Nasa's Nazi secrets revealed

  • 13 years ago

A previously unseen document has shed new light on the US government's use of ex-Nazi scientists after 1945.

Arthur Rudolph, who had worked on rockets for Hitler's Germany, was brought to the US after the war under a secret program to keep other countries from getting their hands on German scientific breakthroughs.

He was one of hundreds of scientists who were allowed into the US in the years following the war.

Though the US knew Rudolph had been a Nazi, he was not considered complicit in atrocities. He became the father of the mighty Saturn rocket that made the space program possible.

But in 1984, as the Justice Department, armed with new evidence, prepared to prosecute him for involvement in Nazi use of slave labour, he left the US and renounced his citizenship in 1984.

The details of the Rudolph case is among dozens detailed in a Justice Department report never made public but was recently obtained by the New York Times.

"The government knows much more about the history of American collaboration with the Nazis than was previously acknowledged in this remarkable post-World War Two period," Eric Lichtblau of the New York Times said.

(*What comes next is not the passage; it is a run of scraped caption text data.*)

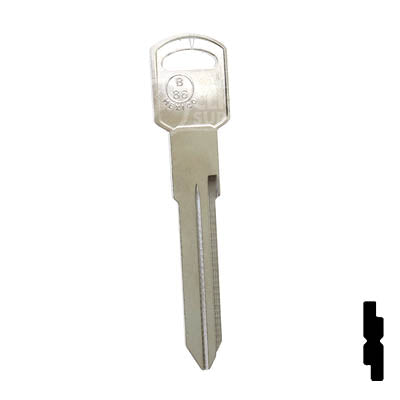 Uncut Key Blank | GM Key | B86, P1106 Automotive Key JMA USA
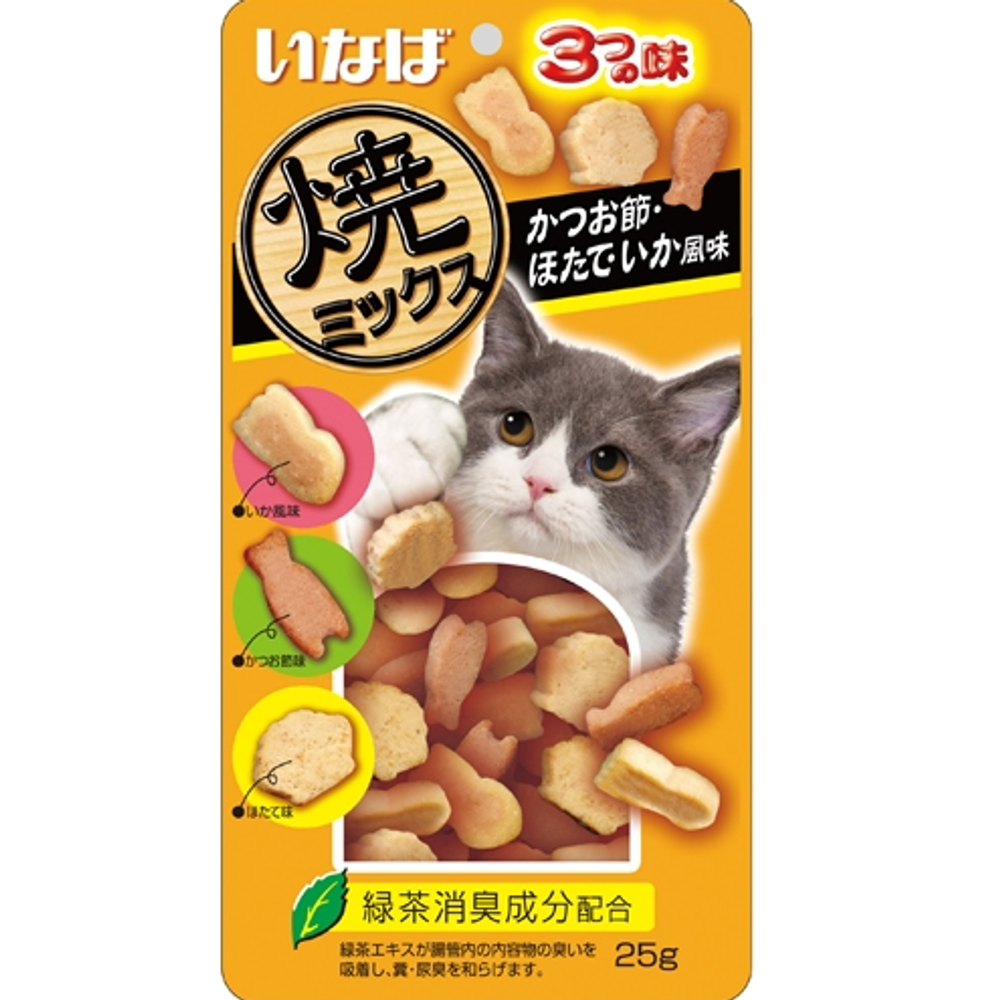 Qsc-121 inaba yaki miksu запеченное лакомство для кошек cо вкусом кацуобуси, морскогогребешка и кальмара 25г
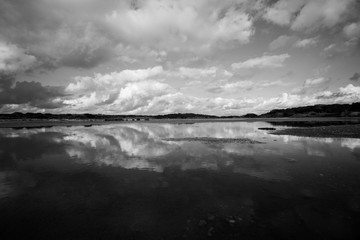 Fototapeta premium Beautiful panorama with the Mediterranean sea in Sardinia, Italy. crystal and colorful water. Beautiful sky. Travel life.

The report describes internal US government battles over, for example, whether it could be proven that Swiss banks bought gold looted by the Nazis from Jewish victims.

Jewish groups that do their own Nazi hunting say the Justice Department should make the report public.

Abe Foxman from the Anti-Defamation League also questions the motives of the Department of Justice. "We're still covering up? We're still hiding the role that some some in our country played by some perverse sense of national interest? I think it's time that our country knew."